When family complications take Joshua away from his fundamentalist Christian mother and leave him with his grandfather, he finds himself immersed in a mysterious and magical world. Joshua’s grandfather is a Wisconsin Ojibwe Indian who, along with an array of quirky characters, runs a recreated sixteenth-century village for the tourists who visit the reservation. Joshua’s mother kept him from his Ojibwe heritage, so living on the reservation is liberating for him. The more he learns about Ojibwe traditions, the more he feels at home.
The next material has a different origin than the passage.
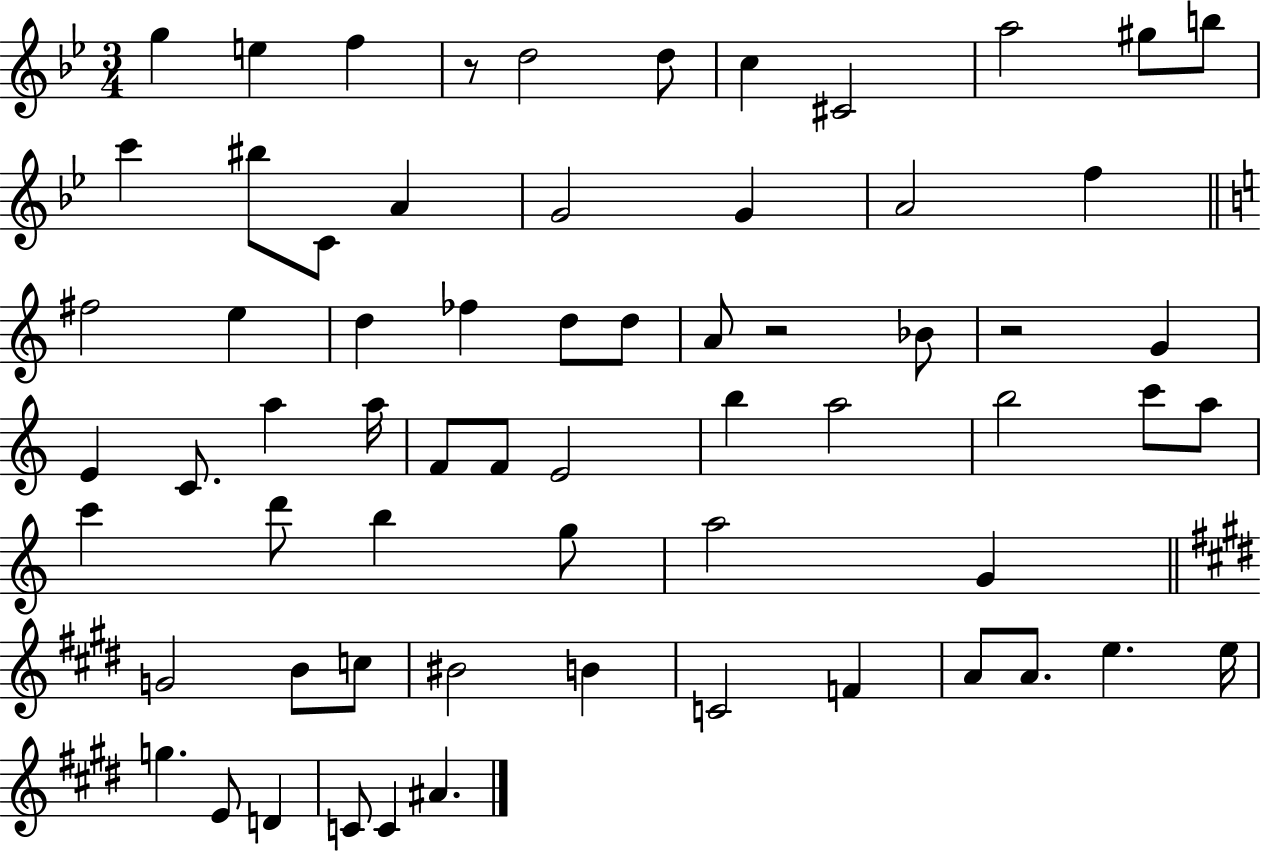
G5/q E5/q F5/q R/e D5/h D5/e C5/q C#4/h A5/h G#5/e B5/e C6/q BIS5/e C4/e A4/q G4/h G4/q A4/h F5/q F#5/h E5/q D5/q FES5/q D5/e D5/e A4/e R/h Bb4/e R/h G4/q E4/q C4/e. A5/q A5/s F4/e F4/e E4/h B5/q A5/h B5/h C6/e A5/e C6/q D6/e B5/q G5/e A5/h G4/q G4/h B4/e C5/e BIS4/h B4/q C4/h F4/q A4/e A4/e. E5/q. E5/s G5/q. E4/e D4/q C4/e C4/q A#4/q.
One Ojibwe legend in particular captivates him. Pukawiss was a powerful manitou known for introducing dance to his people, and his nontraditional lifestyle inspires Joshua to embrace both his burgeoning sexuality and his status as an outcast. Ultimately, Joshua summons the courage necessary to reject his strict upbringing and to accept the mysterious path set before him.
Joshua is a teen living in modern America, with a white mother and a father who is Ojibwe living as a “non Indian”. What does that mean? It means his father tries to conform to what the narrow definition of civilised Christian that his wife insists on, only to end up disconnected from himself and his family. Joshua’s father takes off, leaving Joshua alone with his mother’s rigid outlook and rules. This would be difficult enough, but Joshua’s world is thrown further topsy turvy when his mother decides she needs to find herself and that Joshua should go stay on the Ojibwa reservation with a grandfather he barely remembers.
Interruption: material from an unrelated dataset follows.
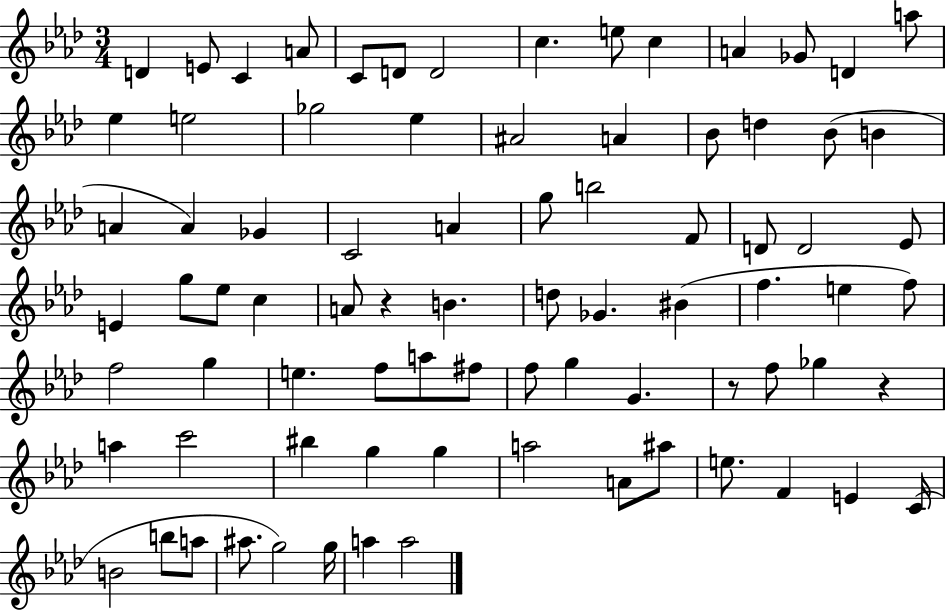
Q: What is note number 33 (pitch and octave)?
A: D4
Joshua is in for deep culture shock. he doesn’t know the native tongue spoken on a daily basis by members of the tribe, doesn’t know any of the legends, recognise any of the foods, know how to tribal dance, and encounters racism from two fronts as he’s not white enough nor Ojibwe enough according to some. Adding to his confusion is an increased awareness of his own sexuality. He finds personal strength through the tale of Pukawiss and through it, reaches out to embrace his native heritage and accept his homosexuality.
This doesn’t set well with church volunteers who have self appointed themselves as outreach workers to the tribe, and his mother hears of his “heathen” ways. It leads to a conflict between himself, the tribe, his grandfather, mother, and the self appointed guardians of “Christian civilisation”. The far right religious views of the ministry and his mother are accompanied by ideas of “civilising” that in years past led to the en masse removal of Indian children across the uS and Canada and re-education at boarding schools where they were punished for speaking their native tongues, disallowed to eat their traditional foods, dance their dances, share their legends, or do anything else that was perceived as “Indian”. It’s what led Joshua’s father to break as he did, and why Joshua had no knowledge of his own heritage. How Joshua stands firm, claiming the power of Pukawiss for himself, is a story of great power.